> [Given records]:
● ● ● ● ●
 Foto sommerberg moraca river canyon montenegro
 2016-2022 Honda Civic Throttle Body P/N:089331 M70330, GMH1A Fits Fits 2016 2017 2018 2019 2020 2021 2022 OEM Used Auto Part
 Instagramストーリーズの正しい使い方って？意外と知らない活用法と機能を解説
● ● ● ● ●
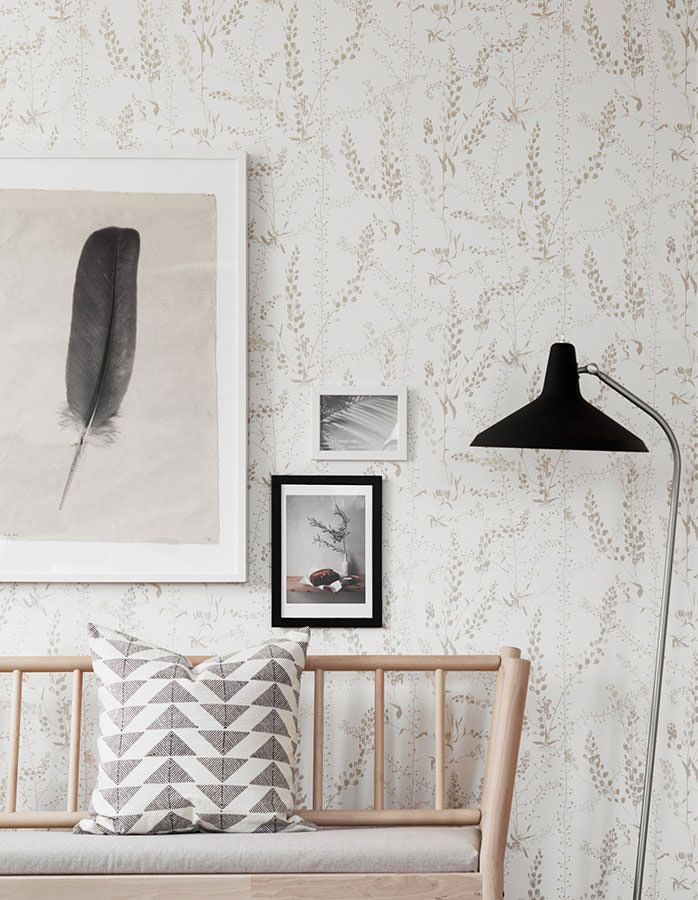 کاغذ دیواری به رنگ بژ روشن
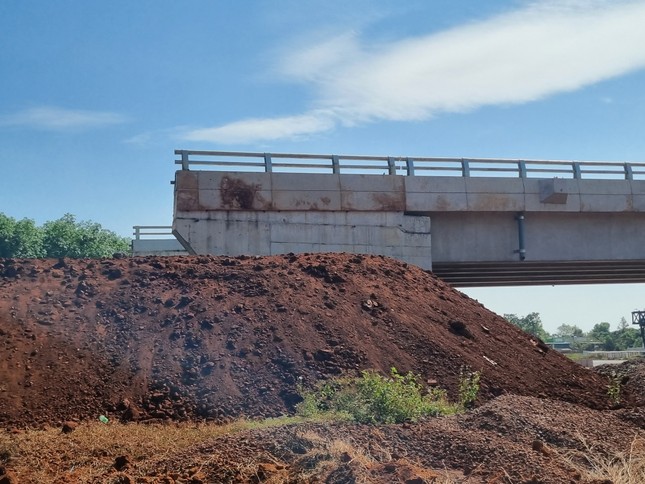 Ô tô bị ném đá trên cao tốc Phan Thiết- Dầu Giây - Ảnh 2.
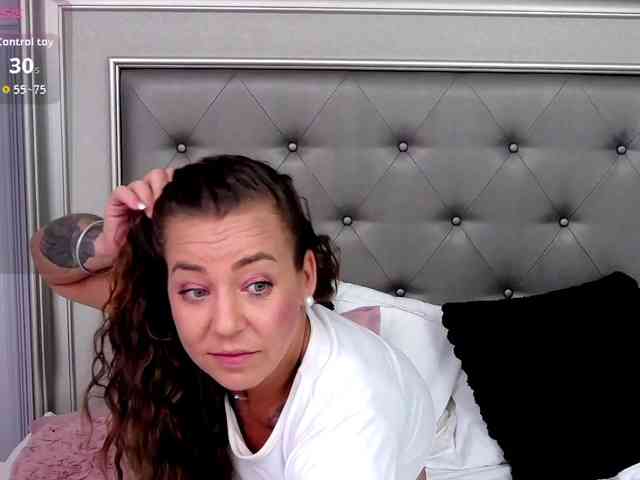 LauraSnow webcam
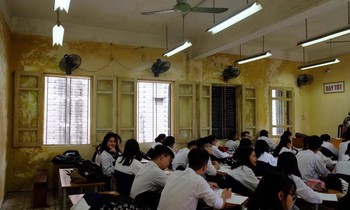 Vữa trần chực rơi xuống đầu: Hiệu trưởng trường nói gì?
● ● ● ● ●
> [What is needed]:
The reply should hold the entries above from the line with "LauraSnow webcam" to the line with "Vữa trần chực", duplicated exactly, pictures excluded.

> [Result below]:
 LauraSnow webcam
 Vữa trần chực rơi xuống đầu: Hiệu trưởng trường nói gì?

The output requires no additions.